Augsburger Allgemeine (Land West)
Glibberschleim am Sessel
Familienkonzert Lustige Geistersuche in „Giselle“für Kinder
Das nahezu ausverkaufte erste Familienkonzert der Spielzeit im Martinipark am Sonntagvormittag lieferte eigentlich einen kleinen Nachschlag zum „GeistZeit“-Spielzeitmotto des Vorjahrs. Denn diesmal leistete Theaterpädagogin Nicoletta Kindermann alias Claudia Neunmalklug von der „Augsburger Generalen“ganze Arbeit als Geisterjägerin. Kein Wunder, wimmelt es doch im aktuellen Ballettklassiker „Giselle“gerade im zweiten Akt nur so von unheimlichen Waldgeistern mit schneeweißem Antlitz, die als „Wilis“in die Ballettgeschichte eingingen und jetzt in der modernen Neufassung von Ballettchef Riccardo Fernando vor nächtlicher Waldkulisse tanzend und wirbelnd ihr Unwesen treiben.
Stolz präsentierte die geistgerecht gepanzerte Jägerin den Kindern ihre Auswahl bereits dingfest gemachter Wein-, Wasser- oder Flaschengeister, darunter auch echte VIP-Geister
wie das „Kleine Gespenst“oder den Geist von Canterbury. Bei ihren Spaziergängen durch die Stadt habe sie auch zahlreiche „Kleingeister“getroffen... Während sich darüber die Eltern amüsierten, die später gemeinsam mit den Sprösslingen unter der Anleitung durch Momoko Tanaka (Giselle) und Samuel Maxted (Albrecht) die fünf Grundpositionen des klassischen Balletts übten, freuten sich die kleinen Staatstheatergäste am grünen Glibberschleim unter den Stühlen, der eindeutige Hinweise auf die überirdischen Vorgänge im Theater gab.

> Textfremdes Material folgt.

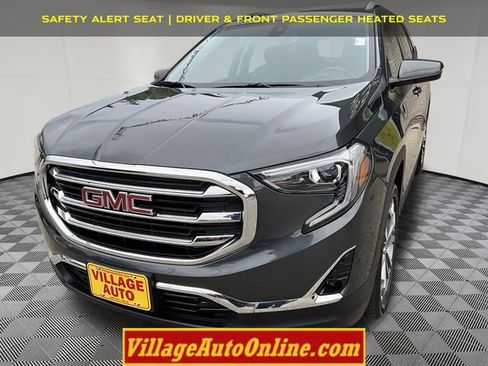 Used 2020 GMC Terrain SLT w/ Preferred Package AWD/4WD image 17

Apropos überirdisch: Mit einer atemberaubend schwerelosen und präsenten Momoko Tanaka und einem wahrlich elegant auftretenden Samuel Maxted, die hier ihr Rollendebüt als unglückliches Liebespaar Giselle und Albrecht gaben, hat Choreograf Fernando eine tänzerische Idealbesetzung gefunden! Wie aber tanzt man einen Geist und einen Mann, der von Geistern umzingelt wird? „Ich versuche“, so Tanaka im kurzen Bühneninterview „so zu tanzen, als würde ich überhaupt nichts wiegen. Das unterstützt natürlich auch ein starker Tanzpartner.“Und Samuel Maxted ist als Albrecht so traurig über den Verlust der geliebten Giselle, dass er seine Furcht vor den Geistern überwindet, um sie nur ja wiederzusehen.

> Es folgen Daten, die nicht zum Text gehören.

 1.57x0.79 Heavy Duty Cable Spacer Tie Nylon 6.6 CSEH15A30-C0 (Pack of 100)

Da Ballettchef Fernando die dreisten Versuche der Geisterjägerin, die Tänzer mitten im Bühnengeschehen einzufangen, gerade noch verhindern konnte, besprach sich die Jägerin mit dem neuen 2. Kapellmeister Justin Pambianchi, dessen starkes Dirigat die Augsburger Philharmoniker zu einer mitreißenden Gestaltung von Adolphe Adams Ballettkomposition motiviert hatte. Geistreich stellte er klar, dass die Geister doch nur tanzen, wenn die Musiker sie spielend auf die Bühne locken. So klang das Familienkonzert mit den signalhaften Stab-Glockenklängen aus, die das Morgengrauen und damit das Finale von „Giselle“verkündeten, die in dieser auf Kinderlänge gekürzten Version durchaus zu begeistern verstand.